In 2021, Ecuador exported the most cocoa, valued at $819.46 million, followed by Nigeria, the Netherlands, and Malaysia. Even though Ghana and the Ivory Coast produce two thirds of the world's cocoa beans, these two nations only received less than 6% of the annual revenue from the more than $100 billion-dollar chocolate industry, not even enough to rank among the top 5 export earners.
Switzerland companies are renowned for its chocolate that in 2021, its sales reached $1.8 billion from a total of 16 manufacturers. Why is there retaliation between cocoa bean producers and importers if chocolate sales and commercial value are so high?

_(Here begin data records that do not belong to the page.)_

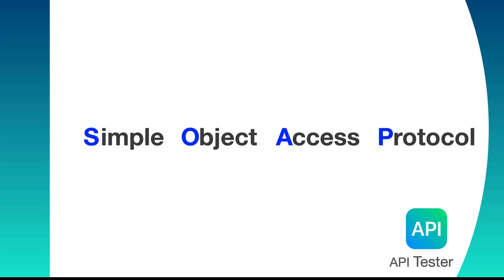There are various models for web services but the two most common ones are SOAP and REST. In last few videos we have gone through various methods of REST APIs. Now let us explore SOAP.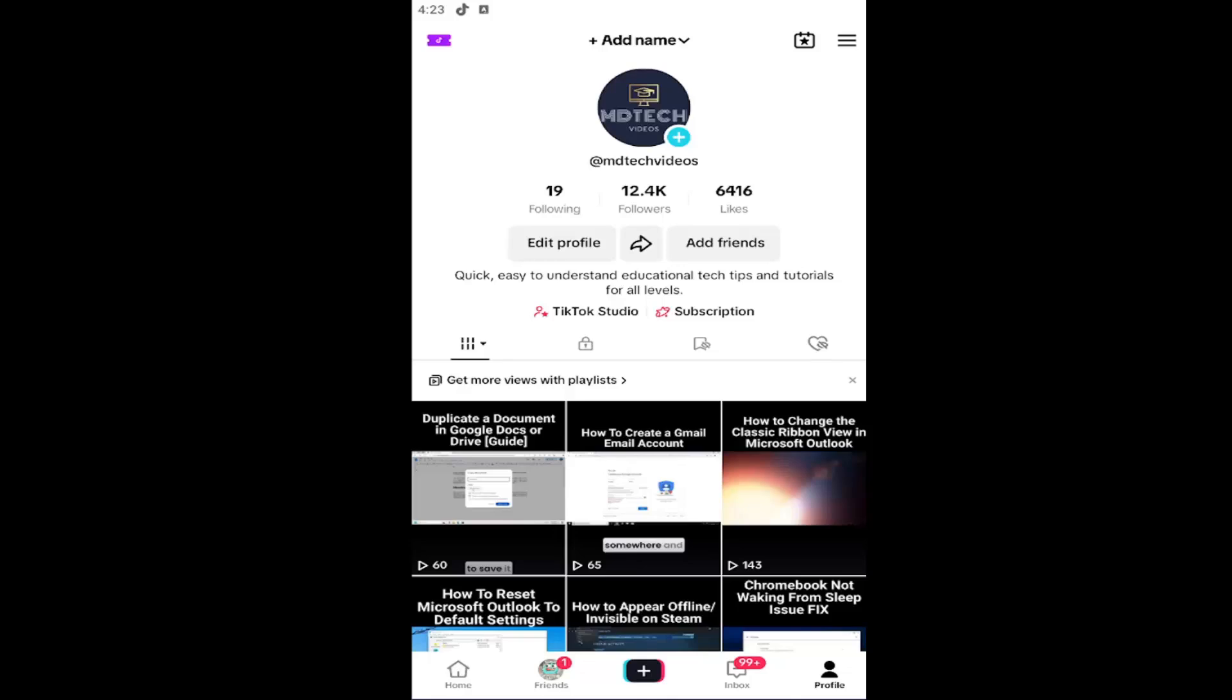This should be a pretty straightforward process. Without further ado, let's jump right into it. All you have to do is open up your TikTok profile and select the profile button in the bottom right.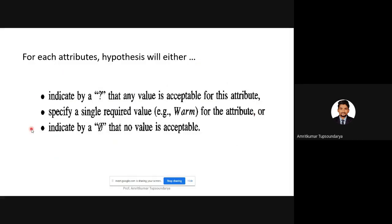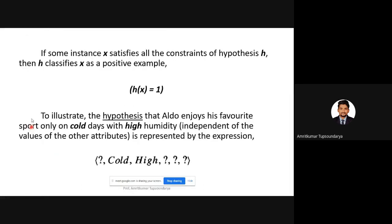If some instance x satisfies all the constraints of hypothesis h, then that hypothesis h classifies instance x as a positive example, and that is represented as h(x) = 1.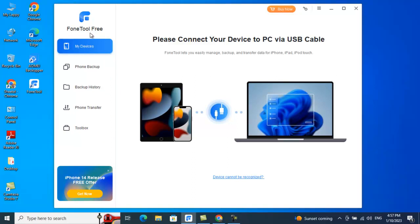I'm both an Android and iPhone user, and the chaos I face managing data on iOS compared to Android is significant — it's way too difficult. Managing data on iPhone is something that has always been a pain point for me, and this software is really taking that burden off.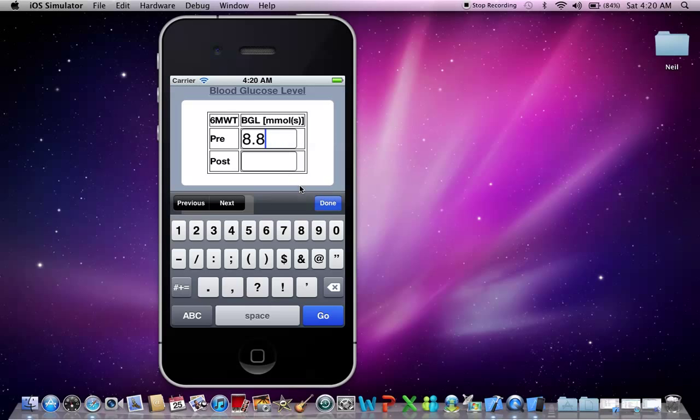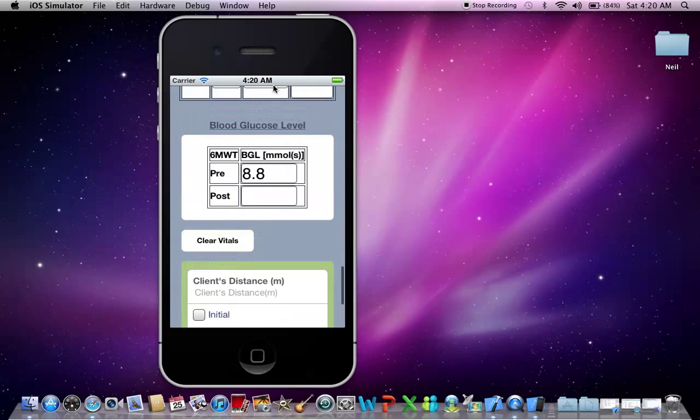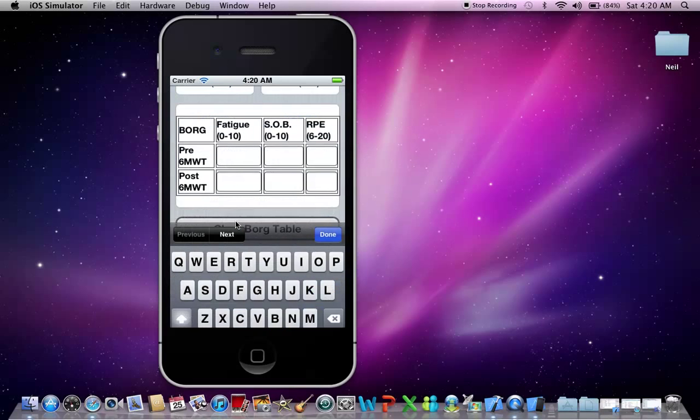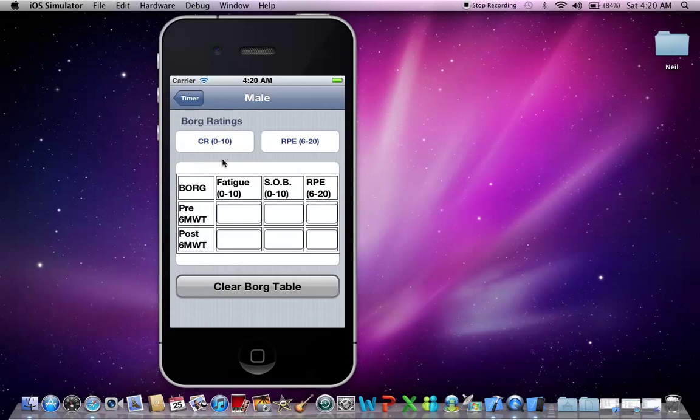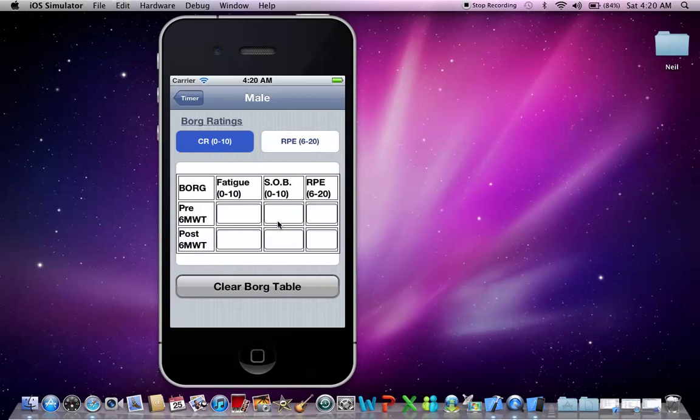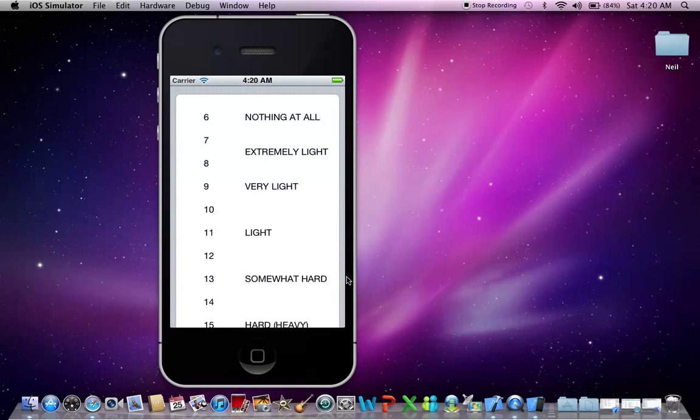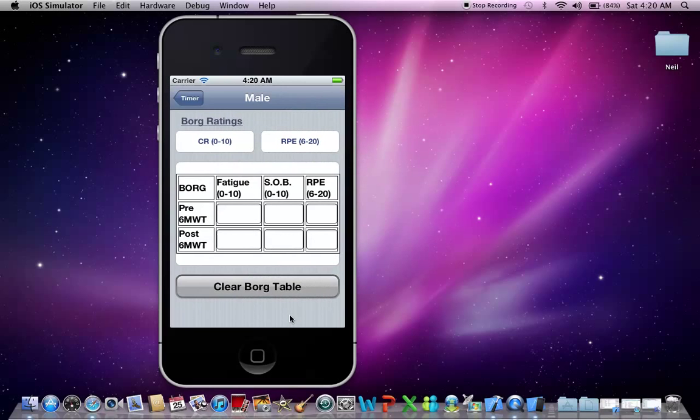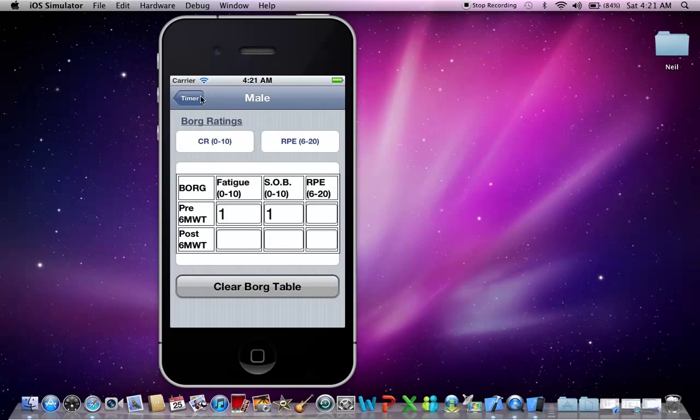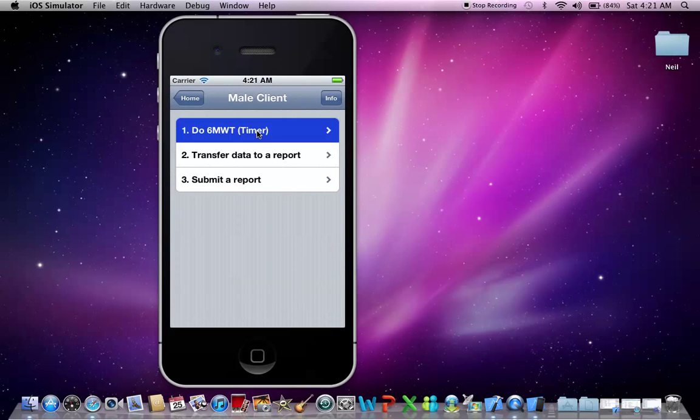Okay, now what I can also do is roll back up and do some Borg scale ratings before as well. So I've got my zero to 10 scale here and also my six to 20 scale here. Let's go back. So for example, I'm going to put in one, one for fatigue and shortness of breath.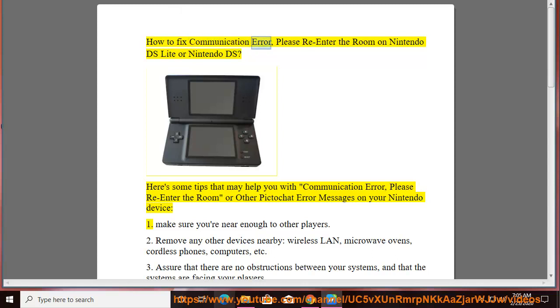How to fix communication error, please re-enter the room on Nintendo DS Lite or Nintendo DS. Here are some tips that may help you with communication error, please re-enter the room, or other pick-to-cut error messages on your Nintendo device.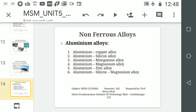Now we will discuss aluminium alloys. To make an aluminium alloy, we add another non-ferrous metal to aluminium. The alloys are: aluminium-copper alloy, aluminium-silicon alloy, aluminium-manganese alloy, aluminium-magnesium alloy, aluminium-zinc alloy, and aluminium-silicon-magnesium alloy.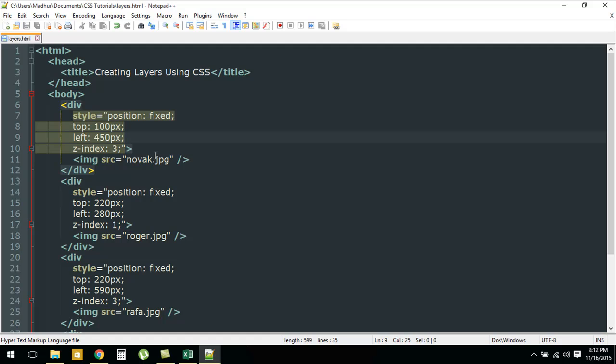Now we are going to illustrate a new property and understand a new concept. The property that we're going to check out is z-index, and it is typed as Z, then a hyphen, and index.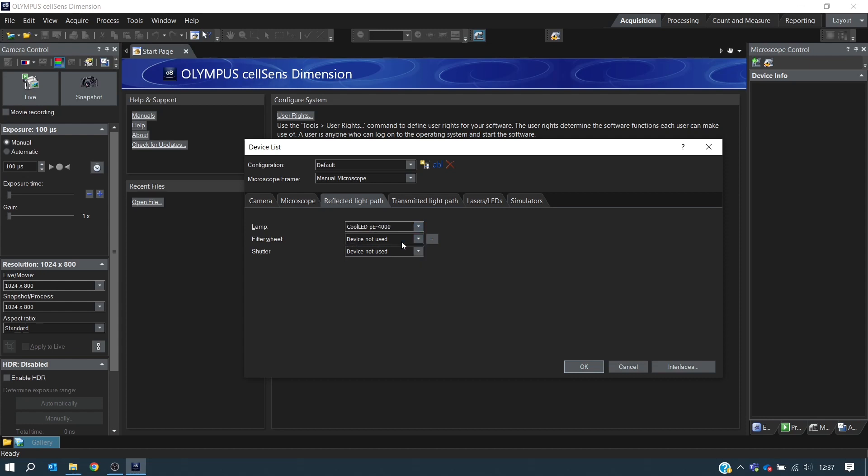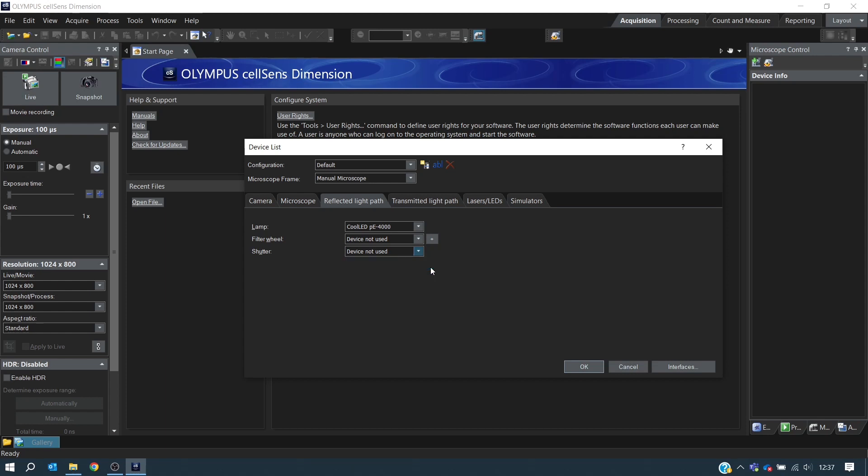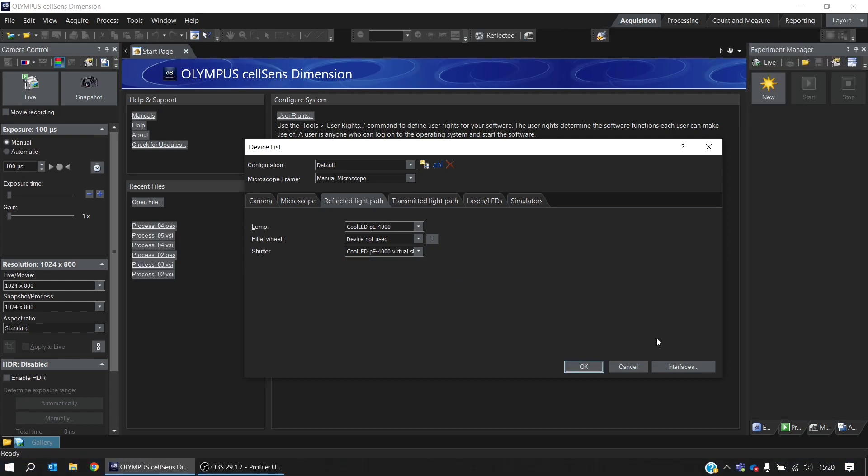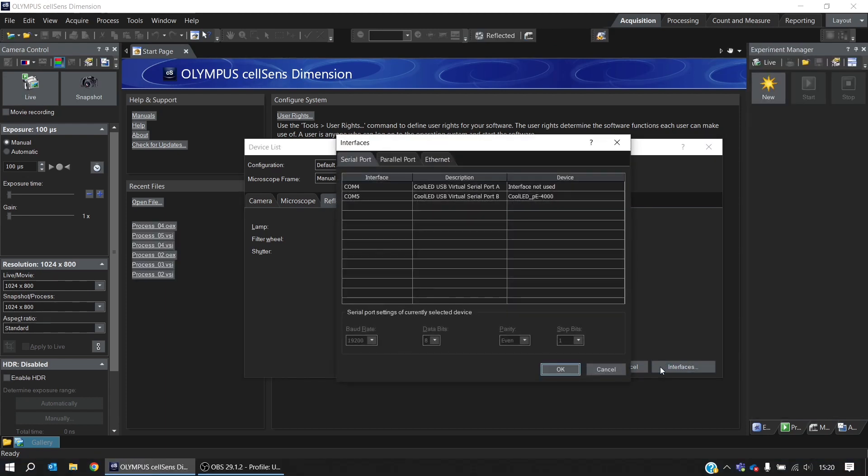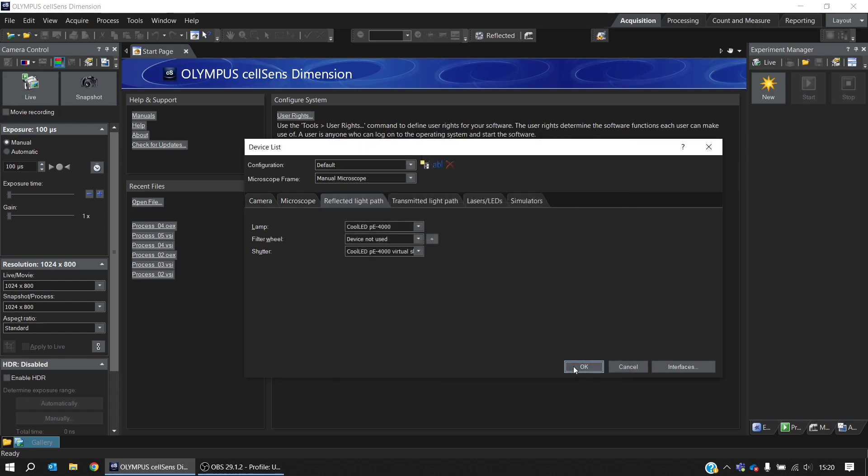We can also select the PE4000 virtual shutter. And by clicking on Interfaces, we can confirm the COM port. Here we can see that the COM port has been correctly assigned to the PE4000. But if you are having trouble with the installation, it's a good idea to look at this and cross-reference it with the Windows Device Manager. We're happy with the installation here, so we'll click OK. And we'll click OK again.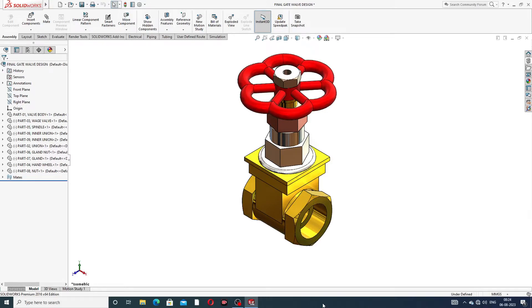Hi guys, welcome to CAT CAE tutorial. Today we are going to see and use SolidWorks software. This project is very important and useful — it's a gate valve design. This is a final assembly project and all parts are designed here.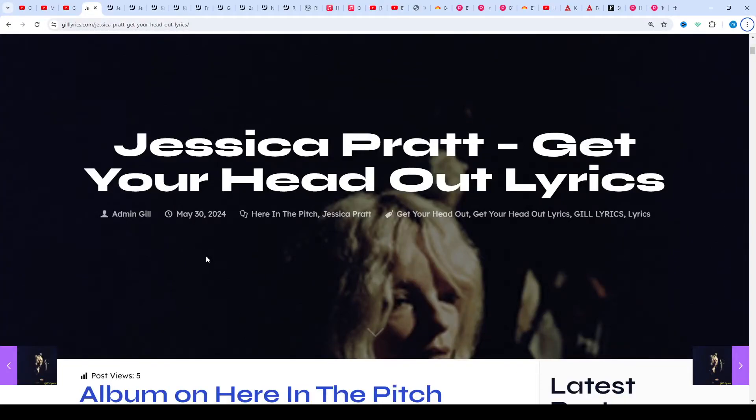Hi friends, welcome to my channel The Lyrics. I hope you will be fine. This time we talk about Get Your Head Out by Jessica Pratt.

Ghana's president, Nana Akufo-Addo, said in 2020 that the country would no longer deal with Switzerland as usual by reducing its raw cocoa bean supply to the country. He promised that Ghana would make its own chocolate from that bean instead. "We intend to process more and more of our cocoa beans in our country with the aim of producing more chocolate ourselves," he said.
Brussels recently held the World Cocoa Foundation 2022 Partnership Meeting. Ivory Coast and Ghana, which together account for 60% of the world’s cocoa production, decided to boycott by not attending. This comes as a shock to the industry, while both countries backed their decision by saying that they would not sell cocoa with a negative origin differential. The standard for the Living Income Differential (LID), an initiative to help poor farmers, was initially set at $400 per tonne, while Ghana and the Ivory Coast were currently compensated at only $260 per tonne. That price is on top of the minimum agreed price of $2,600 per tonne to ensure the cost of production, marketing, and other costs are covered.
"The major chocolate brands have resisted and tried to find means to circumvent payment of the LID," said COCOBOD’s Boafo, indicating suppression of farmers' rights to a fair pay by buyers abroad. "A direct rejection of the LID would give brands bad publicity since the LID represents the economic pillar of sustainability; therefore, erosion of the origin differential was the easier target."
Another reason for Ghana's boycott is the threat of European countries imposing sanctions and carbon taxes in the name of sustainability. Fortunately, Switzerland has opted to compensate for the carbon reduction efforts of other poorer countries, such as Ghana, Peru, Thailand, and others, by providing energy-efficient solutions. It remains to be seen whether the actions can persuade other wealthy countries to follow suit or cut overall carbon emissions, as the Swiss claim.
Trading carbon taxes from one country to another is a solution that can be explored by many countries. It creates the opportunity for other richer countries to buy a country’s carbon credits in exchange for carbon emission from the country that has to use the other nation’s tax, or it creates the chance for countries that do not want to impose any carbon tax to sell their cap-and-trade system to others.
West African countries' struggle in the chocolate business is a clear indication of a manufacturing revolution in these countries. Once research and development in chocolate manufacturing reach a particular level, this decision will serve as a catalyst for an increase in the number of jobs and GDP growth in these nations, as well as a competitive chocolate price. Investors are advised to participate in the trend as it will cause a significant economic shift in the production of chocolate.